On The Fly Saltwater
Article and featured photo by Jimmy Jacobs
The crew from On The Fly South had fished the east end of Grand Bahama Island several times in the past for bonefish. Those ventures had been both with guides and on a do-it-yourself basis. On the other hand, this would be our first time at tackling the bones on the western tip of the isle.
Also, as we landed on the airstrip at Old Bahama Bay Resort and Yacht Harbour after making the short hop aboard their private plane from Stuart, Florida, we were anxious to see how this part of Grand Bahama had fared during Hurricane Dorian.
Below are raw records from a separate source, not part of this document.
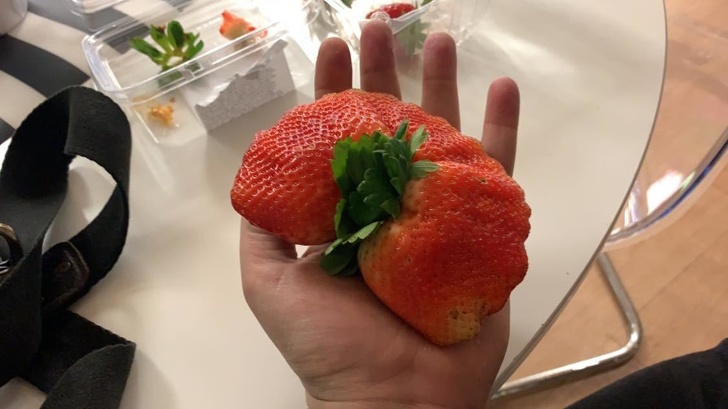 Illustration de l'article : Ces 20 photos qui montrent que la nature peut aussi plaisanter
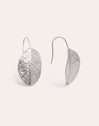 Leaf Stainless Steel Earrings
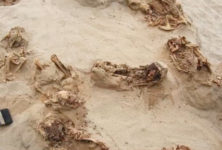 Pérou : des corps d’enfants sacrifiés découverts sur un site archéologique du nord du pays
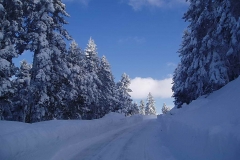 winter010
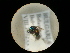  ( - CCDB-09786-C05)  @11 [ ] Copyright  G. Blagoev 2010 Unspecified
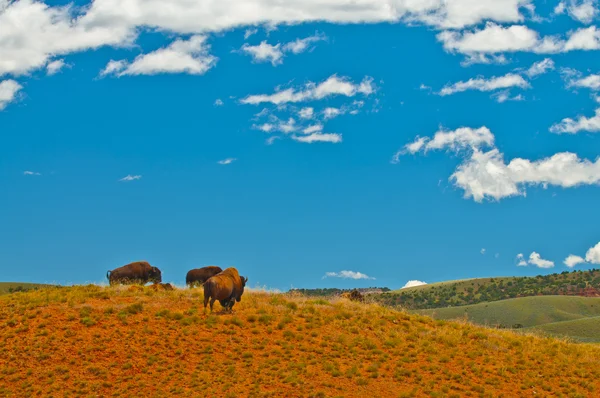 Bufalo selvatico — Foto Stock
That Category 5 storm had ripped across the island in 2019 leaving in its wake up to 70.000 people homeless, 84 dead and three times that many having simply vanished in the storm.
Signs of Hurricane Dorian’s passing were still evident along the shorelines. Photo by Jimmy Jacobs.
While there were still signs of the devastation, most of the damage had been done on the easterner end. Thus, Old Bahama Bay and the rest of West End had basically recovered.
The next question was how had the bonefishing fared? The power of Dorian had obviously affected the habitat the fish prefer. On the other hand, between the hurricane recovery efforts and the travel restrictions imposed during the Covid-19 pandemic, traveling anglers had been kept away and the bonefish had remained mostly unmolested for two years.
Bonefish Tommy Rolle at the controls. Photo by Jimmy Jacobs.
To find the answer, we headed out with guide Tommy Rolle, better known as Bonefish Tommy, to check out the situation first hand. Tommy, who lives in the village of West End and has been guiding these waters for 35 years is the son of the late, legendary guide Bonefish Folley. Needless to say, he is an excellent resource for targeting the area. For a number of years, he also was the head guide at the Pelican Bay Resort, prior to it being taken over by new management. He now runs his own independent guide service.
Photo by Jimmy Jacobs.
Tommy conveniently picked us up in his skiff on the beach at Old Bahama Bay and headed a bit to the east along the shore. As we cruised, the effect of the storm on the mangroves was obvious. Along the shore many bare stems jutted skyward with no leaves, giving the vista a skeletal look. Still, there were patches of green where the mangroves were beginning to regenerate.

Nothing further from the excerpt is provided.